There were tears standing in Alex’s eyes. “Leave me alone,” he said. “If you have an ounce of pity in your black, bloody soul,
leave me alone
!”

“I will not,” Duncan vowed. “I will follow you to the grave if that’s what I must do. I will plague you even in death, my friend, but I will never…
by God I will never
let you rob the world of the gifts only you can give! Never!”

Alex began to weep and then to sob. “Jesus God, Duncan, you don’t know how it is …”

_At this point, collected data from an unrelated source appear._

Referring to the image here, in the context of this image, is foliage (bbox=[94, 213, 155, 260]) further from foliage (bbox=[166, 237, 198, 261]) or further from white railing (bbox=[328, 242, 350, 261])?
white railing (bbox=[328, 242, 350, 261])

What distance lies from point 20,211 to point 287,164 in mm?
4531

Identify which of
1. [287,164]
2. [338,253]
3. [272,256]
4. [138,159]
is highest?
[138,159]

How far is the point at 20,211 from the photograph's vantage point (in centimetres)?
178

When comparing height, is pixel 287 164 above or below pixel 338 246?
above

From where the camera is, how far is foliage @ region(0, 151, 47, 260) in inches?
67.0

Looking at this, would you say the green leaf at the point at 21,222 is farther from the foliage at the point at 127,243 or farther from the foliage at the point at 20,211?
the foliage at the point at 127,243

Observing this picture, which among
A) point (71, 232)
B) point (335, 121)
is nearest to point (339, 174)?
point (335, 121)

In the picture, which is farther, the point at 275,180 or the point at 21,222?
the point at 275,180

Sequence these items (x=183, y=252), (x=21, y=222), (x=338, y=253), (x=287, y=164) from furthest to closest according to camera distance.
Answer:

Duncan gripped Alex’s shoulders, to lend him strength, to share the very substance of his soul if that was what it took. “No,” he said. “I don’t know, and I wouldn’t presume to say I did. But you can’t give up and die, Alex. You talk about our new country—well, it must have people like you to survive. For the sake of your countrymen, if for no other reason, you’ve got to get past this. We need you in this fight, and beyond it, too, when the victory is won.”

Alex shuddered with grief. “I can’t do it. I’m not strong enough.”

“You can,” Duncan argued, still holding his friend. “Don’t turn your back on us, Alex. We’ve come so far, we rebels, and fought so many bloody battles. We’re hungry
and footsore and, heaven help us, all we want is our liberty, the freedom to choose our own fate! Have you forgotten the dream so easily? Will you abandon us now, when we need you the most?”

“You promised,” Alex wept. “You swore you would help me die, if I decided not to live!”

“And I meant what I said,” Duncan replied softly. He embraced his friend. “But I never promised not to make a case for living. We will go to Queen’s Town, Alex. You can drink and wench and expel your demons. And then we shall go back to the business of winning this war.”

Alex smiled; his face was still wet with tears, and though it was fleeting, it had been a genuine smile. “How can you go a-wenching, when it’s plain you love Phoebe Turlow?”

There are some things one does not try to deny, not to one’s closest friend, anyway. “Alas,” Duncan admitted, “I am smitten and want no other but her. I have retained sufficient wit, however, to make a
show
of sowing wild oats, and I can still drink, thank God.”

“Very well,” Alex said gravely. “shall accept this challenge, if only to prove to you, once and for all, that you are defending a eunuch. But heed me and heed me well, Duncan—I have not released you from your promise to aid me if my final choice is death.”

Duncan felt a chill of foreboding at Alex’s words, but he was, in many ways, at his best in a crisis, and he spoke in easy tones. “You’ve been such a horse’s ass of late that I may decide to spare you the trouble of choosing and shoot you myself.”

“Then perhaps I shall endeavor to make myself even more obnoxious,” Alex replied with weary humor and stumped past Duncan, on the crutch he’d whittled for himself, to take refuge in the house.